E simpatizo naturalmente com a tentação de evitar qualquer versão oficializada da história, seja em que sentido for. A expansão portuguesa, também pela relevância e dimensão do processo, tem sido um território fértil para alguns pequenos e grandes mitos de diversas tonalidades, muitos deles felizmente desconstruídos nas últimas décadas, pela revisão da historiografia recebida que cada geração de investigadores tem o direito e o dever de empreender. Com um colega, há poucos dias e sobre o tema, comentávamos por exemplo a realidade afinal de um “império de resorts balneares” em contraponto com uma mitologia imperial, há muito afastada, alicerçada numa suposta presença e domínio efectivo de vastas terras ultramarinas.

O que fazer então hoje com essa herança histórica da prática da escravatura? – perguntam-se diversos autores, reclamando mais debate público.

Não estou contudo seguro que seja esse o debate mais necessário. A escravatura legitimava-se também num critério de superioridade civilizacional do europeu branco perante o negro que surgia necessariamente menorizado, quase incapaz. É certo que os direitos hoje proíbem-no e as mentalidades bem-pensantes rejeitam-no, mas que igualdade somos capazes de assegurar, na verdade, entre europeus brancos e os outros – os não brancos ou, por exemplo, também os imigrantes pouco qualificados?

Qual o sucesso, real e no nosso tempo, dos nossos magníficos direitos e avanços nesse campo, como esses egrégios ditames pombalinos?
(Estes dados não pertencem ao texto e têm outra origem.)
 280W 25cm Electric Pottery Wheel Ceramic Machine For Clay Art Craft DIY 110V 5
Ou, em termos simples e crus, como ignorar os exércitos de negros ocupados nos trabalhos indiferenciados, mal pagos, na limpeza nocturna dos escritórios e dos centros comerciais ou nas tarefas mais duras e mais fungíveis na construção civil? E como ignorar quão poucos são os jovens negros da periferia de Lisboa que chegam à universidade? E sabemos porquê? Quantos negros são comentadores na televisão? Como ignorar a sua ausência entre os quadros directivos nas empresas, na administração pública? Quantos juízes? Quantos políticos negros em Portugal?
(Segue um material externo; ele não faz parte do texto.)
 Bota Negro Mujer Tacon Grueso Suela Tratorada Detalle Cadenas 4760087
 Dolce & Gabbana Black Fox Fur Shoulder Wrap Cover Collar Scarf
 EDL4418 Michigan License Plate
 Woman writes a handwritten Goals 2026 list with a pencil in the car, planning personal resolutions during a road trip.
Em que patamar de igualdade de oportunidades estamos e o que queremos, quatro décadas depois do 25 de Abril? É necessária uma discriminação positiva assente na cor da pele entre nós? Até que ponto uma cor e os seus contornos associados condicionam um futuro no Portugal de 2017? O que está a funcionar e o que não está nos sistemas públicos que pretendem reequilibrar as condições de partida entre todos? Isso é um mito ou existe de facto? Onde acaba o espaço da responsabilidade pessoal e começa a responsabilidade colectiva? Que consequências tem essa repartição para uma visão distributiva da comunidade? Até que ponto o argumento de “base multicultural” é respeitável e a partir de que momento não pode funcionar?

Talvez este fosse também um bom debate e ele próprio honrasse a nossa história e o nosso presente.